= Beginning of Section =

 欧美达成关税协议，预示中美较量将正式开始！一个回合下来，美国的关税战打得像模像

= End of Section =
= Beginning of Section =

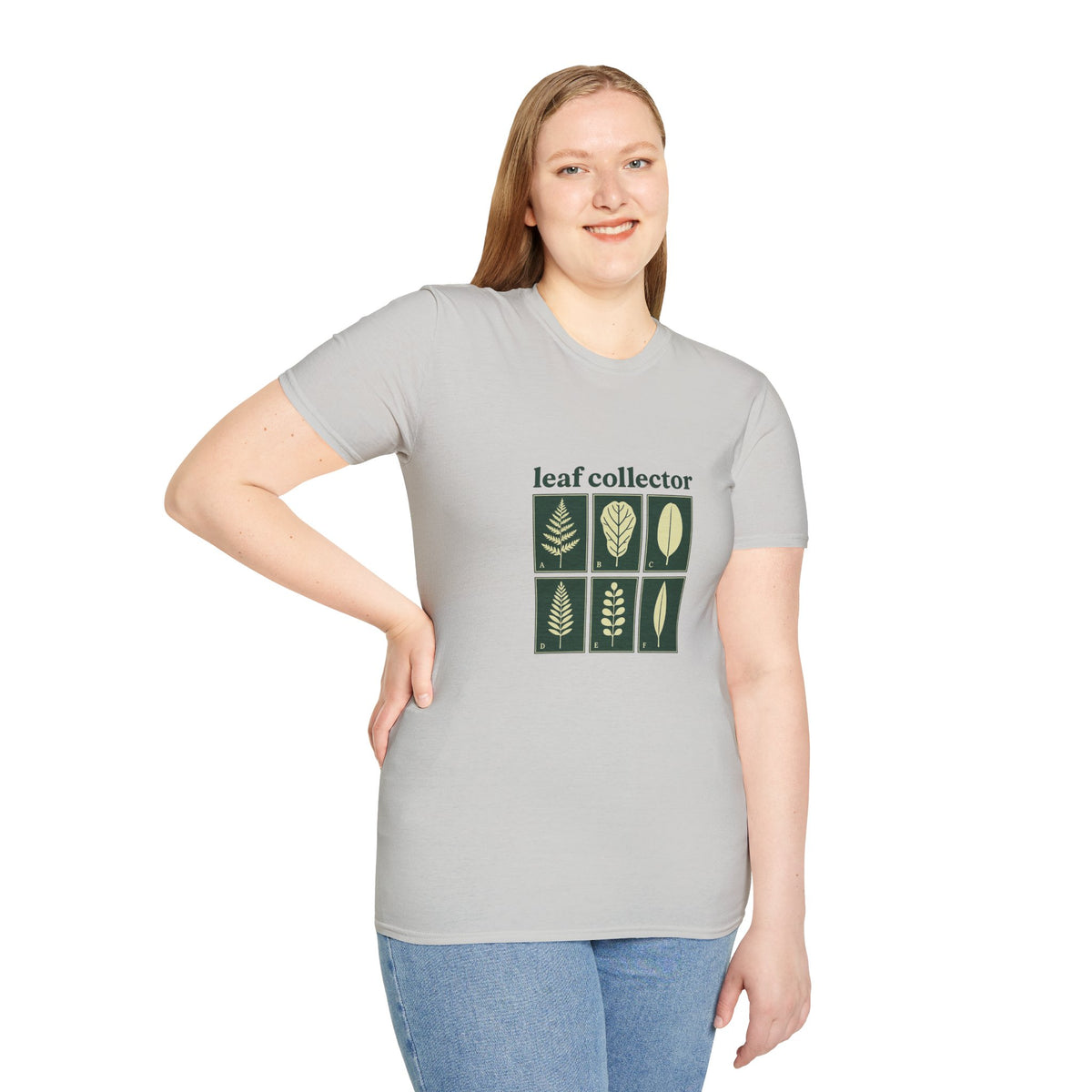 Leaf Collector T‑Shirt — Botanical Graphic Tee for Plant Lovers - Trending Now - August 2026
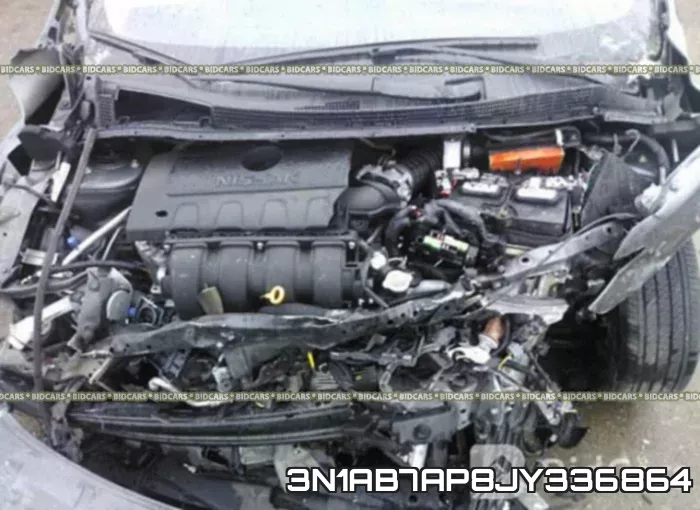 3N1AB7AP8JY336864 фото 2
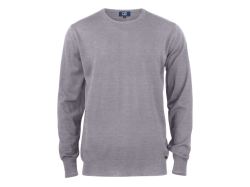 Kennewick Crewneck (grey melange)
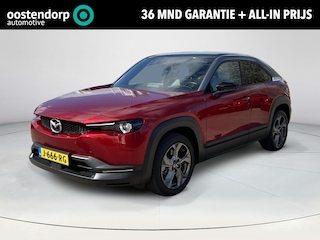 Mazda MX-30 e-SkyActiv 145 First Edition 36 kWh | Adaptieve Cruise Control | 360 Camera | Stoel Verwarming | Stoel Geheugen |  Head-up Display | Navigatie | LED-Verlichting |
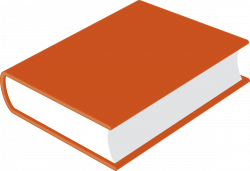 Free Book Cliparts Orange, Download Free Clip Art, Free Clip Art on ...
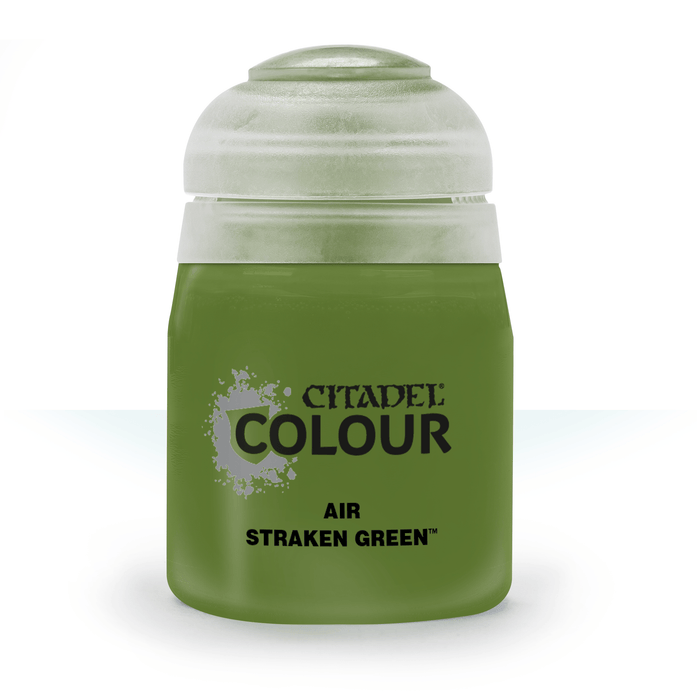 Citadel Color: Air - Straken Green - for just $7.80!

= End of Section =
= Beginning of Section =

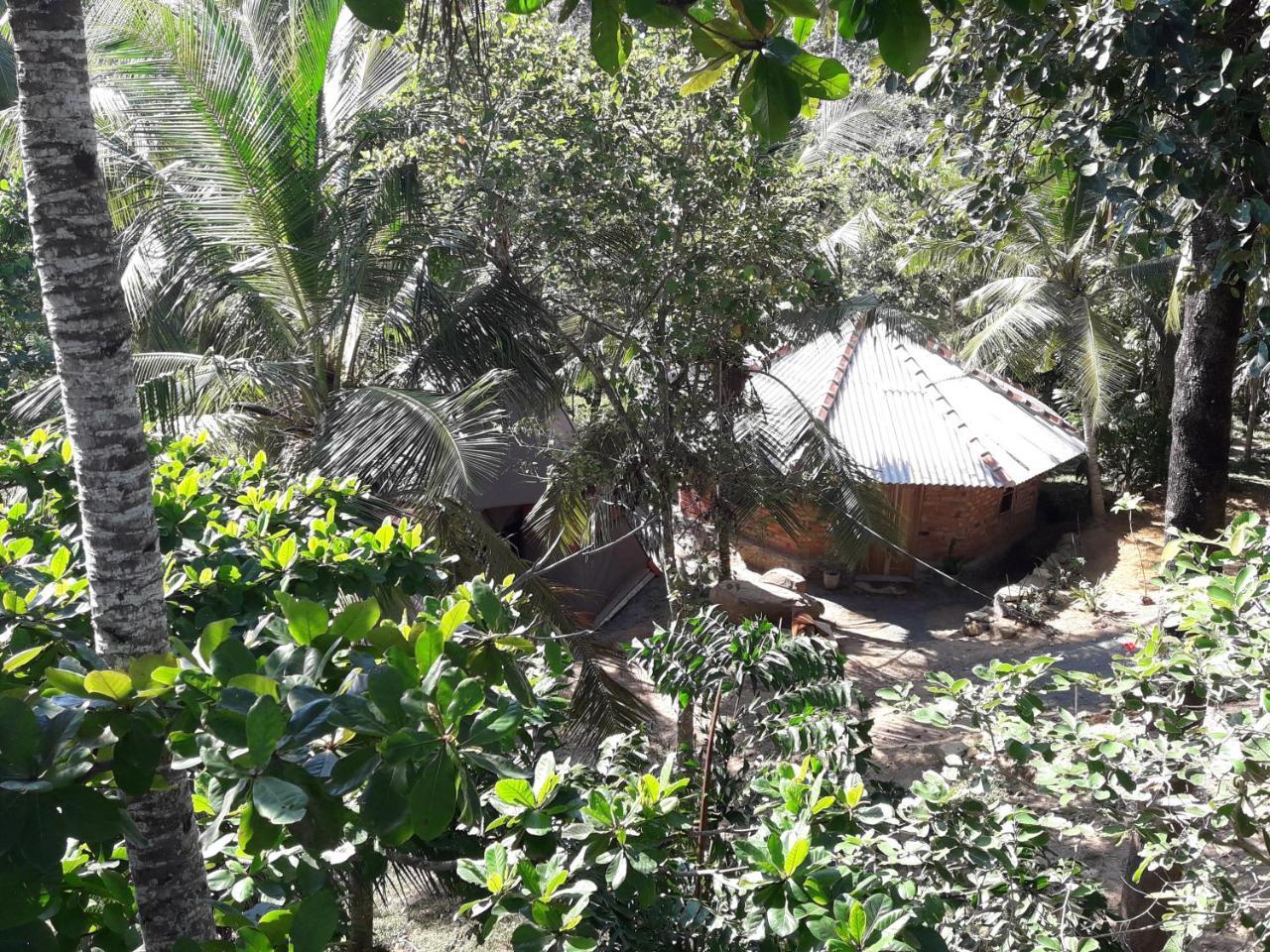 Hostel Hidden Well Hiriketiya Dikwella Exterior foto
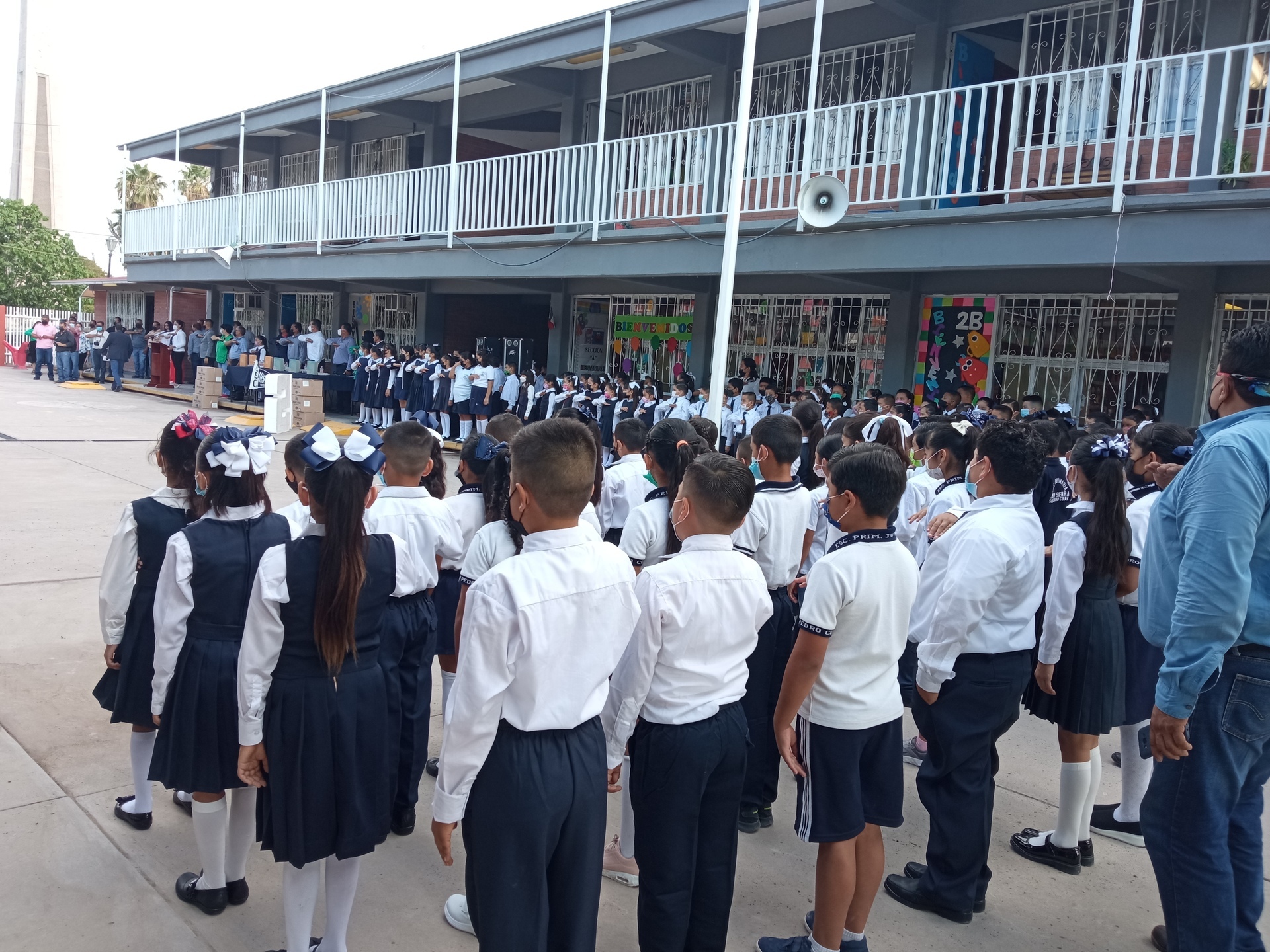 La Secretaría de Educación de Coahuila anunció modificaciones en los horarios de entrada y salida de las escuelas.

= End of Section =

▶ TASK INSTRUCTIONS: Repeat, without pictures, exactly the lines of the data above from the one containing "Free Book Cliparts" through the one containing "Citadel Color: Air", including both and adding nothing.

▶ RESULT OF THE EXERCISE:
 Free Book Cliparts Orange, Download Free Clip Art, Free Clip Art on ...
 Citadel Color: Air - Straken Green - for just $7.80!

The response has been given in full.